Before you get too excited by the rating, let me stress that this is a demo, and it sounds like a demo. The only reason I dared give such a high rating to a demo is that this is raw black metal, and in raw black metal, it's okay to sound like a demo. Some full-length "major" releases sound like demo (Darkthrone at their best -- I'm thinking Transilvanian Hunger -- pretty much sound like a demo).

But even so, this release would have received a high rating. Put simply, it is pretty much everything you want raw black metal to be. In the first place, it is only available on cassette tape. In this digital age, this release takes the exclusive form of one of 222 hand-made, hand-numbered cassettes. Mine (number 003) is jet black (I presume they all are, but I can't possibly know), with no writing anywhere on the cassette itself. The sleeve is glossy and black, with a couple good photos, very evocative, but not beyond what anyone with some basic design tools and a Kinko's nearby could produce. One of the things I love so much about this release is that it recalls the DIY spirit that characterized the extreme metal scene years ago, when tapes were traded through an international network of devoted fans. Just looking at this makes me feel like I'm a part of something.

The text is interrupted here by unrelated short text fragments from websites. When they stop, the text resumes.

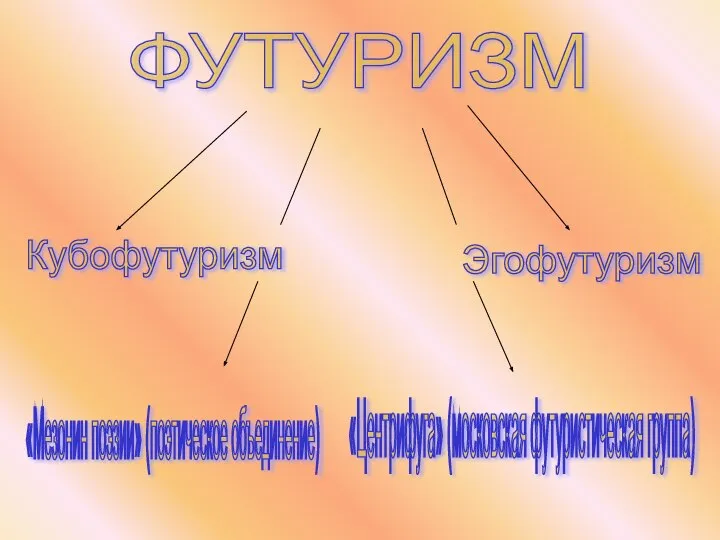 ФУТУРИЗМ Кубофутуризм Эгофутуризм «Мезонин поэзии» (поэтическое объединение) «Центрифуга» (московская футуристическая группа)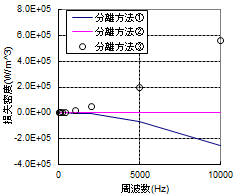 (c)　異常渦電流損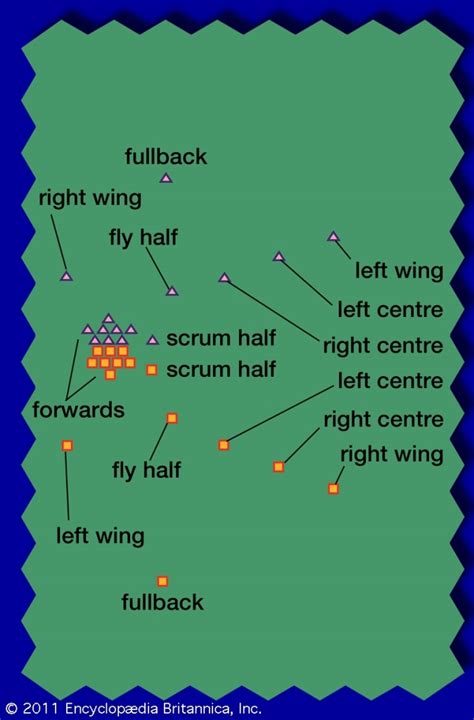 scrum_positions « Table Rugby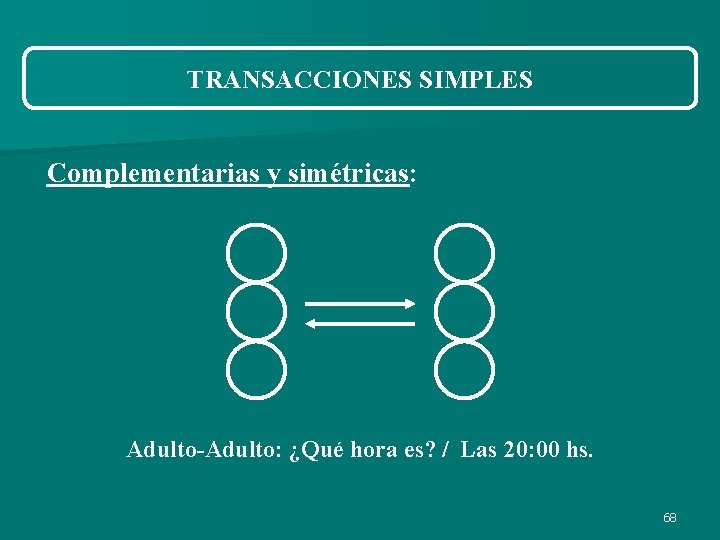 TRANSACCIONES SIMPLES Complementarias y simétricas: Adulto-Adulto: ¿Qué hora es? / Las 20: 00 hs. TRANSACCIONES SIMPLES Complementarias y simétricas: Adulto-Adulto: ¿Qué hora es? / Las 20: 00 hs.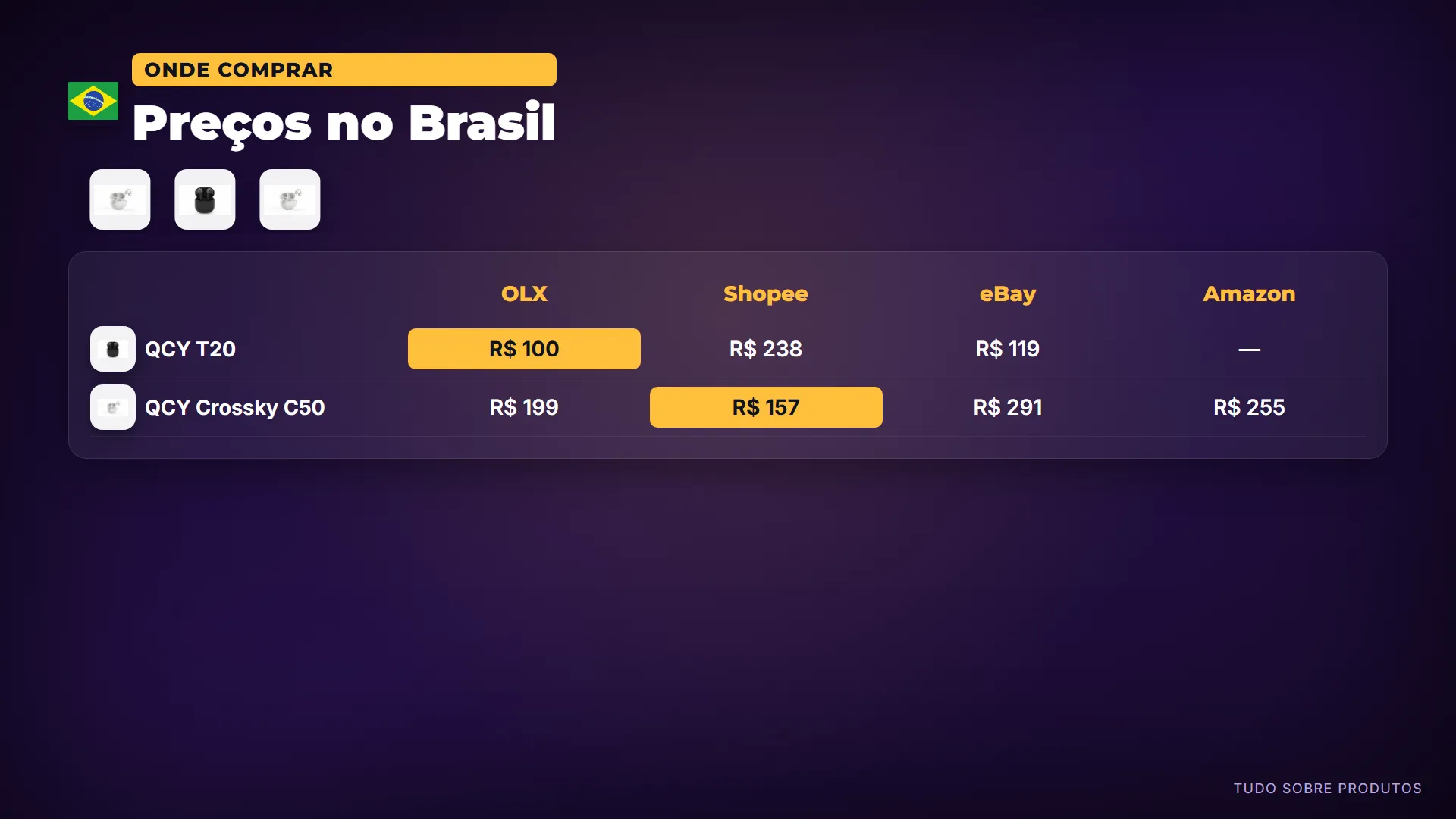 Preços no Brasil: Comprando no Brasil: o QCY T20 sai por 100 reais na OLX e o QCY Crossky C50 por 157 reais na Shopee.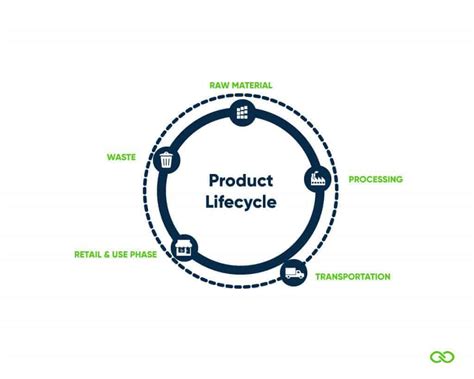 Life Cycle Assessment Lca Complete Beginner S Guide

Of course, DIY or not, this music isn't what you would call amateur. Every member of this band is a veteran of several other bands. This being black metal, none of these people, or their various bands or projects, are "famous", and most of their releases are also demos. But what this does mean is that Mord is not a group of plukey-faced fourteen-year-olds recording a cacophonous jam directly onto blank tapes their mom bought them with their older brother's ghetto blaster. These are all experienced black metal musicians who have been living with this music since they were plukey-faced teenagers. They know what they're doing. I used to work with destructSEAN, Anti-human's former bandmate from Misanthropy, and he was no poseur. These guys are steeped in extreme metal.

Now, apart from Holland's Striid, Mord are an American band. The list their home as Denver, Colorado. So I don't know if I should be calling this "kvlt" or "tr00" (and I don't really use that vocabulary anyway), but this music sounds like what you want black metal to be (provided you don't think black metal sounds like Dimmu Borgir). There are two tracks on this demo, but they bleed into each other, creating one long anguished lament. The guitar is dirty and black, too scratchy to be called a drone, united hatred and despair in the way that only black metal can. The experience listener will pick out the effective melodies underlying the black noise. The vocals are a competent and convincing rasp; when, in the second "track", we hear an almost witty sample from The Exorcist, we are initially struck by how much Striid sounds like the possessed Regan (that's not an insult, by the way).

The pace is medium-slow. This isn't what I would call "depressive black metal", but it's more in the vein of middle/late Burzum and the many bands that followed (Judas Iscariot, Nargaroth). "Seeds of Evil" seems a little more energetic, but really these songs sound like two pieces of a whole, and I assume the band intended it to be one long plunge into a night world of anguish.

This will be a worthy companion to all the worst moments in your life. This will piss off everyone you know who likes sissy music. This will alienate everyone who thinks metal has something to do with tight leather pants and leopard-print shirts. This will fit right in with every raw black classic you own.

And added to that you will have a humble physical object that only exists because a group of musicians were dedicated to the music enough to bring it out, even if only to 222 people. Whatever becomes of Mord -- and we all only this kind of black metal is the least commercial music there is -- you will have a permanent artefact of what they felt, and what they were capable of.